Grow a rainbow in your garden by planting peppers in shades of green, orange, red, yellow, purple or even black. The shapes can be bell, blocks, balls or elongated. The tips of growing peppers from seed, in addition to supposing a nutritious contribution. It brings vitamins, fiber, and antioxidants to the dining table. Red peppers provide more than 100 percent of the daily value of vitamin C and A . Green peppers are full of fiber, folic acid, and vitamin K . They are tropical beauties; the peppers come from the south and thrive in hot afternoons and sensual nights. Peppers grow best when temperatures stay between 20 º to 25 º C during the day and 15 º to 20 º C during the night. The growth stops and the flowers can fall when temperatures fall below 13 º C or rise above 30 º C.
Growing peppers from seed
One of the great advantages of growing peppers is that great harvests are obtained with very little effort. You can growing peppers from seed by following these tips. Whether grown in pots or in planters or directly on land. It is sure that you will harvest peppers in abundance as long as the basic elements are covered: soil, water, fertilizers.

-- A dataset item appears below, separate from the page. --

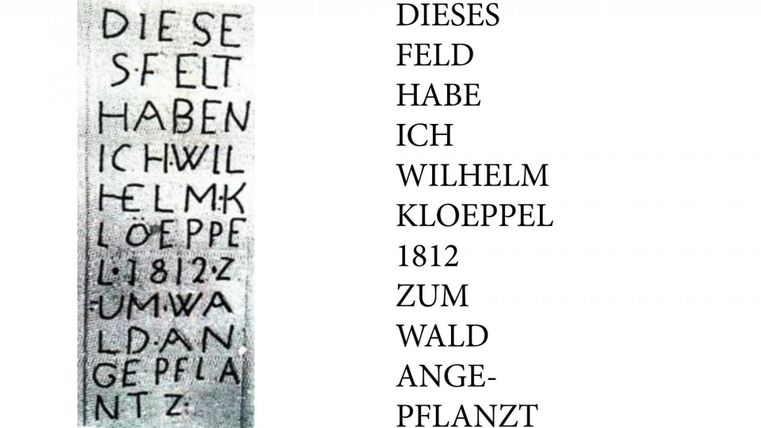 Ein historisches Schild mit einer Inschrift. Es dokumentiert den Besitz eines Feldes von Wilhelm Kloeppe im Jahr 1812.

Peppers prefer at least 6 hours of sun a day. Plants in a substrate rich in organic matter and phosphorus and with good drainage. The soil should not be cold when transplanting the seedlings (20º is the ideal temperature). The distance between plants should be 30 cm in rows that in turn are 40 cm from each other or 30 cm in a stepped pattern. This stepped pattern is done by placing three plants, in a 90 cm wide strip. When the plant is already grown, the leaves of the pepper plant should touch as little as possible. The tight space between plants helps to provide shade, which reduces the evaporation of water. The shade that this gives to the fruit also protects it from sunburn. Insert rods at the time of planting. As the peppers mature, tie the stems full of fruit to the canes to prevent them from breaking.
Water and fertilizer
The pepper plant constantly needs moist soil if the fruits can develop a bitter taste. The mulch helps retain soil moisture, but if it gets too early in the season, it can also reduce soil temperature. Black plastic or gravel is heated early in the season. Use it even before planting to prepare fresh spring soil for early planting. To avoid cooling the soil, do not apply coverages such as hay, shredded leaves, white plastic or blades of grass until the first peppers come out. Mix earthworm humus or compost in the planting holes, along with a specific tomato fertilizer. When the fruits begin to form, feed the plants again with specialized fertilizer, fish emulsion or manure tea.
Tips:
If the plants are blooming, but we are not seeing fruits, you have to give them some gentle shakes every day. The flowers of the pepper are self-pollinated, which means that they bloom and that they are pollinated by both the bees and the wind. If the stems of the peppers turn black, that is a sign of maturity, not of disease. You can start to collect your peppers when they are still green or wait until they turn red, yellow or orange. Sweet peppers are sweeter and hot peppers are hotter when the fruits are red. If you collect the peppers that are still green, the plant will continue to bear fruit. To harvest, use a knife or scissors to cut through the stems to make a clean cut and prevent damage to the growth stems. Leaving a piece of stem in the pepper improves storage.